Badly needed living space or political provocation? No topic is more controversial in Israel than the construction of settlements - and whether they could signal an end to a two-state solution.
The Israeli response to the Palestinian diplomatic triumph was not long in coming. In late November, the Palestinians celebrated their new observer status in the United Nations. Shortly thereafter Israel gave the go-ahead for the construction of thousands of new homes in the occupied territories.
"You're going to the UN - so you get your reward laid out in front of you," was how Sylke Tempel, a Middle East expert at the German Council on Foreign Relations (DGAP), said she interprets the signal sent by the recently announced Israeli construction projects. Much of the housing is to be created east of Jerusalem.

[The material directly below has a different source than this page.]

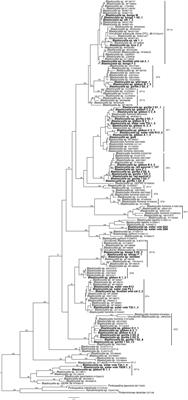 Exploring Micro-Eukaryotic Diversity in the Gut: Co-occurrence of Blastocystis Subtypes and Other Protists in Zoo Animals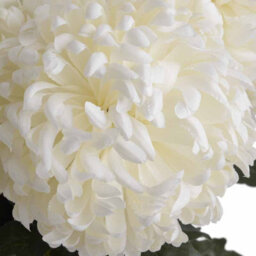 Hill Interiors Chrysanthemum White Faux Plant Large - thumbnail 6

Election campaigns and housing shortages
The largest construction project to be presented by the city council and the housing ministry had been in limbo since the 1990s, said Walter Klitz, director of the Jerusalem office of the Friedrich Naumann Foundation, which is affiliated with Germany's liberal, business-friendly Free Democratic Party. That these plans are being dusted off just now has much to do with parliamentary elections in January, he said. Opinion polls indicate that parties on the right can expect a massive increase in votes.
"This is the motivation of the current Netanyahu government, to reclaim the issue of new settlements - so they do not lose too many votes to fringe parties on the right," Klitz said.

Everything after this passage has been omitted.